Thanks folks, the combination of your feedback and my own musings has got me 'thinking aloud':
Getting long, accurate delays is trivial in assembler, but a compiled language introduces all sorts of unknown delays… I did think of cascading a microsecond and millisecond delay or working directly with interrupts.
Then I did some calculations and realised my existing gearing is about five times to coarse and ideally should be even finer.
I've ordered a 20:1 worm and gear to slow my stepper down so the delay will be around 590ms.
This is in the awkward zone where 1ms may not be good enough resolution and still too long for delay microseconds.
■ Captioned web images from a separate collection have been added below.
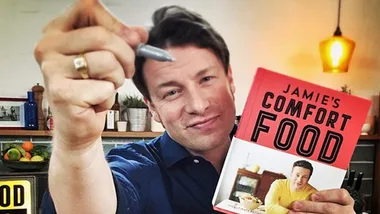 Chef holding a pen and his cookbook "Jamie's Comfort Food" in a kitchen setting.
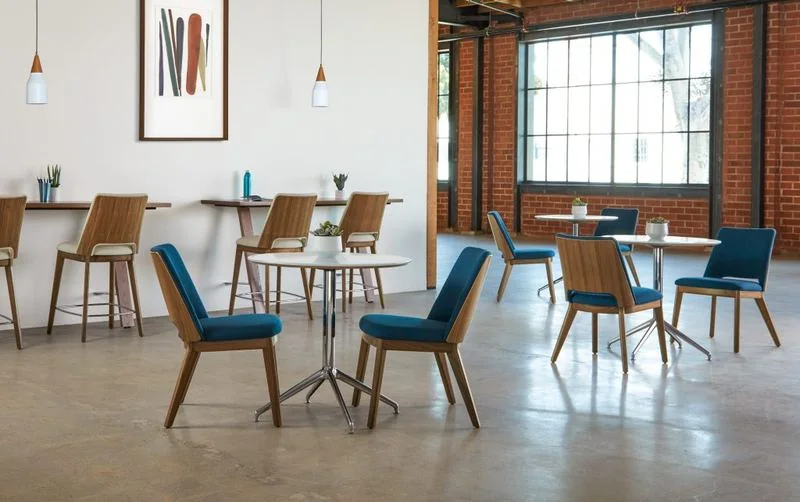 Café Dining Area Blue and brown chairs at café tables in a brick loft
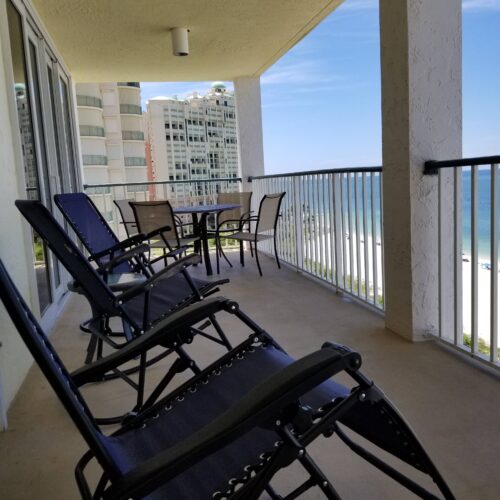 Panoramic view from the balcony at Marco Apollo 1001, featuring ample seating and stunning views of the beach and ocean.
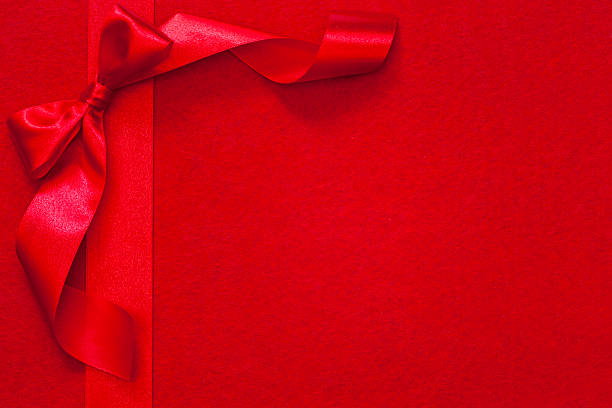 istock Christmas ribbon with bow on red fabric 454351841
I think two things will improve accuracy:
Polling micros() so I don't have to introduce any reset delay.
As short-term errors won't be critical, I can also hard code patterns to add an extra millisecond to approximate 0.1ms accuracy (sort of pseudo bressenham)
Say the base time is 250ms
590.0 ms = 590 ms ten times
590.1 ms = 591, 590, 590, 590, 590, 590, 590, 590, 590, 590
590.2 ms = 591, 590, 590, 590, 590, 591, 590, 590, 590, 590
590.3 ms = 591, 590, 590, 591, 590, 590, 590, 591, 590, 590
and so on…
I can store the delay * 10 and use this sort of approach (psuedocode)
ARRAY LOOKUP(9,9) {populated with the offsets]
Stored figure *10
Base delay = stored figure/10
Fractional delay = stored figure MOD 10
FOR N= 0 TO 9
DELAY(N) = Base delay + LOOKUP (fractional delay,N)
NEXT N
The actual delay process will be:
LOOP
IF MILLIS() < COUNT GOTO LOOP
COUNT = COUNT + DELAY(N)
N ++
IF N>9 N=0
{CHECK FOR BUTTON PRESSES/LIMIT SWITCH}
GOTO LOOP
The whole loop should last much less than 1ms to execute so I should get excellent 'granularity'
Let's hope the drive train can be sorted without too much trouble.